The deployment is done using a GCP Deployment Manager template (see Creating a basic template) for more details. The template deploy_data_catalog.py can be used to deploy Project Company Data Schemas. It will iterate all distributions in the specified catalog, returning a set of resources to be created by GCP Deployment Manager. A basic example deploying the storage locations in a catalog:

$ gcloud deployment-manager deployments create my-catalog-deployment \ 
    --template https://vwt-digital.github.io/project-company-data.github.io/gcp-templates/deploy_data_catalog.py \
    --properties data_catalog:$(base64 -w0 data_catalog.json)

This example creates a GCP deployment named my-catalog-deployment from the template hosted on the Project Company Data website. The data_catalog.json file is a local file containing the Project Company Data catalog. It is base64 encoded and then passed as a property to the GCP deployment template.

If temp file creation is possible in the deployment, then the deploy_data_catalog.sh shell script can be used. This script requires three parameters: the name of the deployment, the filename of the file containing the catalog and the id of the project to deploy to. An example deploying a catalog using this shell script:

$ deploy_data_catalog.sh my-catalog-deployment data_catalog.json my-gcp-project

This will create a GCP deployment named my-catalog-deployment deploying the distributions specified in the data_catalog.json file in the GCP project my-gcp-project.

2. Supported storage formats

The format specified by the format member of the dataset. By setting the value of this member to one of the formats in the below table, the corresponding resource will be created. The following table also shows the storage formats that are supported by the GCP deploy_data_catalog template.

Format GCP resource
blob-storage Storage bucket
topic Pubsub topic
subscription Pubsub subscription
mysql-instance GCP SQL MySQL instance
mysql-db GCP SQL MySQL database

3. Access permissions

On deployment of a dataset, the access permissions will be set according to the accessLevel specified by the dataset.

accessLevel Resulting permissions
public Public read, default write, extended with permissions from the odrlPolicy
internal Default permissions, extended with permissions from the odrlPolicy
restricted Same as internal
confidential For blob-storage only permissions specified in the odrlPolicy, for other formats same as internal

Additional permissions can be set using the odrlPolicy field of the dataset. The GCP deployment will set permissions for each distribution according to the accessLevel, as specified above. Additional policies will be added per distribution as specified in the odrlPolicy permission rules. The table below specifies what is specified by the fields of the odrlPolicy permission.

Field Usage
uid A unique identifier of the policy in the dataset
permission A list of permission rules to be applied by this policy
permission → target The title of the distribution to which this rule applies
permission → assignee The account to assign the permission to, use the identification as specified in the Google Cloud IAM Policy
permission → action The action that is permitted to the assignee on the target, an instance of Action class. See table below for supported actions.

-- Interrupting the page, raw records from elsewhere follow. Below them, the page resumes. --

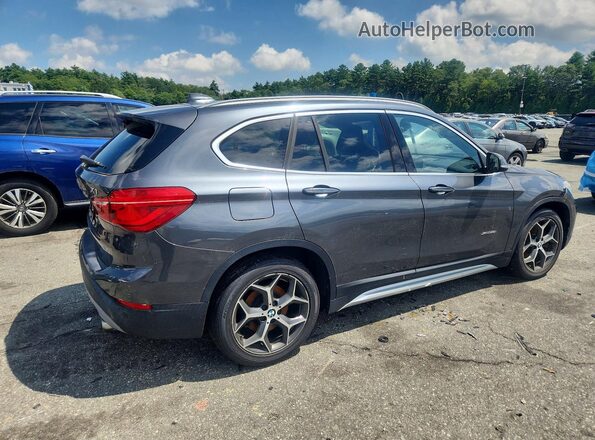 WBXHT3C31GP882429 2016 BMW X1 Gray Front right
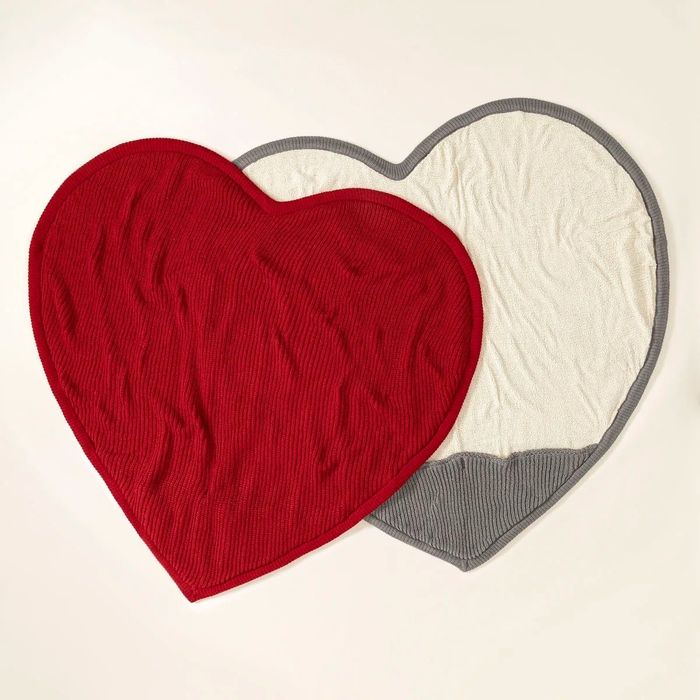 Heart-shaped blankets in red and gray with cream fleece on one side and a cozy foot pocket at the bottom.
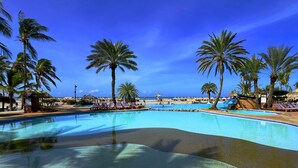 A pool area with lounge chairs, palm trees, and a view of the beach. - Sunsol Punta Blanca (San Pedro)
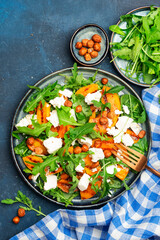 Summer salad with grilled peach with soft cheese, hazelnuts and arugula on blue table background, top view, copy space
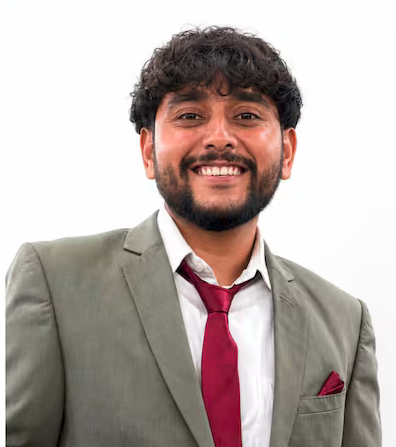 Purvansh Parmar, Platform Engineer, photographed in a grey suit against a white background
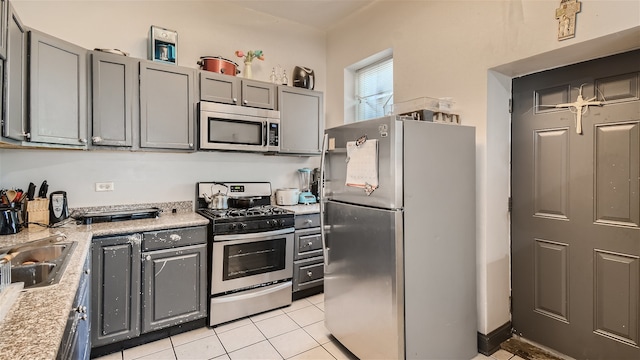 kitchen with light tile patterned floors, appliances with stainless steel finishes, gray cabinetry, and sink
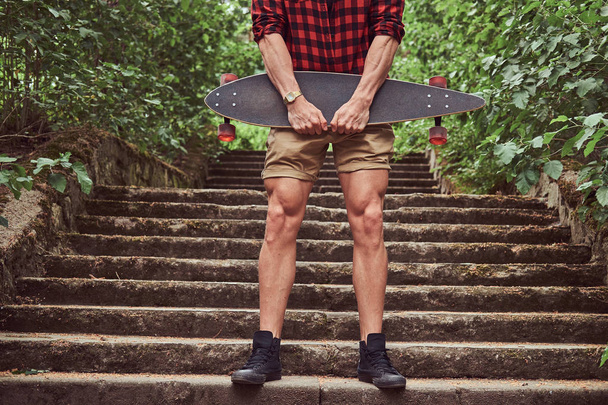 Cropped image of a muscular skater, standing on steps, holds the skateboard. - Photo, Image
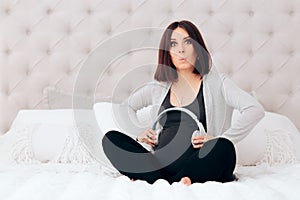 Pregnant Woman Holding Wireless Headphone on Her Belly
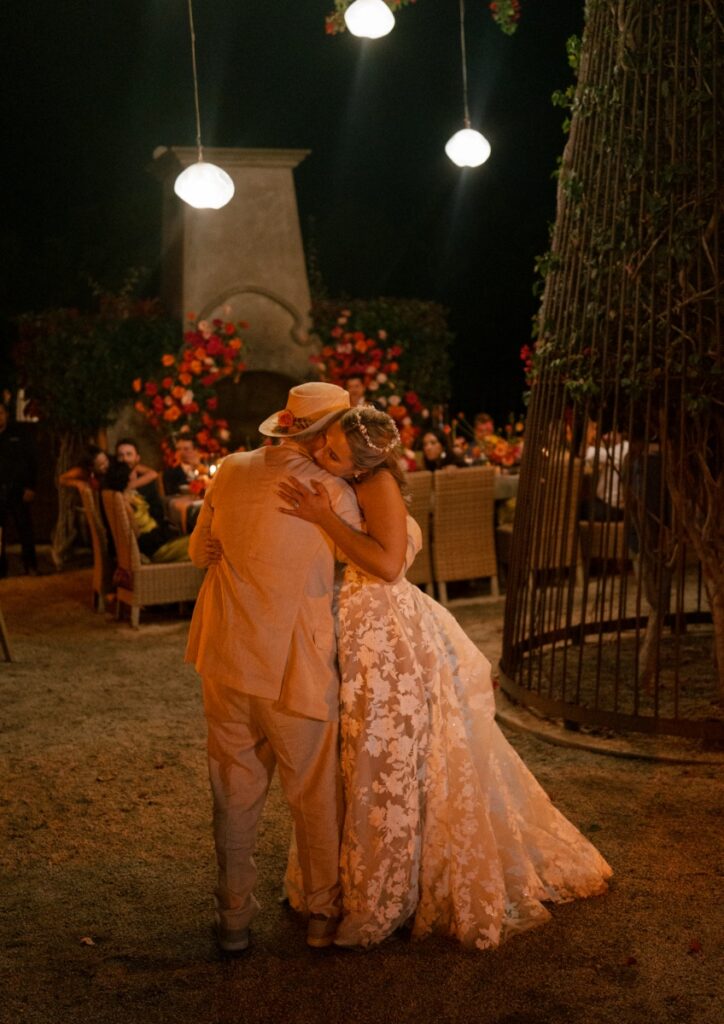 A bride in a floral lace gown hugging a guest in a tan suit and straw hat during an evening outdoor wedding reception at Villa Santa Cruz.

The action that is allowed on the target determines the GCP role assigned to the assignee. Supported actions in GCP deployment are specified in the table below.

Format read write modify
blob-storage roles/storage.legacyBucketReader, roles/storage.legacyObjectReader roles/storage.legacyBucketWriter, roles/storage.legacyObjectOwner roles/storage.legacyBucketOwner, roles/storage.legacyObjectOwner
topic roles/pubsub.subscriber roles/pubsub.publisher roles/pubsub.editor
subscription roles/pubsub.subscriber n/a n/a

Please note that the permissions will be provisioned on the target itself. Additional permissions might be inherited from the project’s IAM (e.g. someone having Project Editor role will be able to publish on all topics).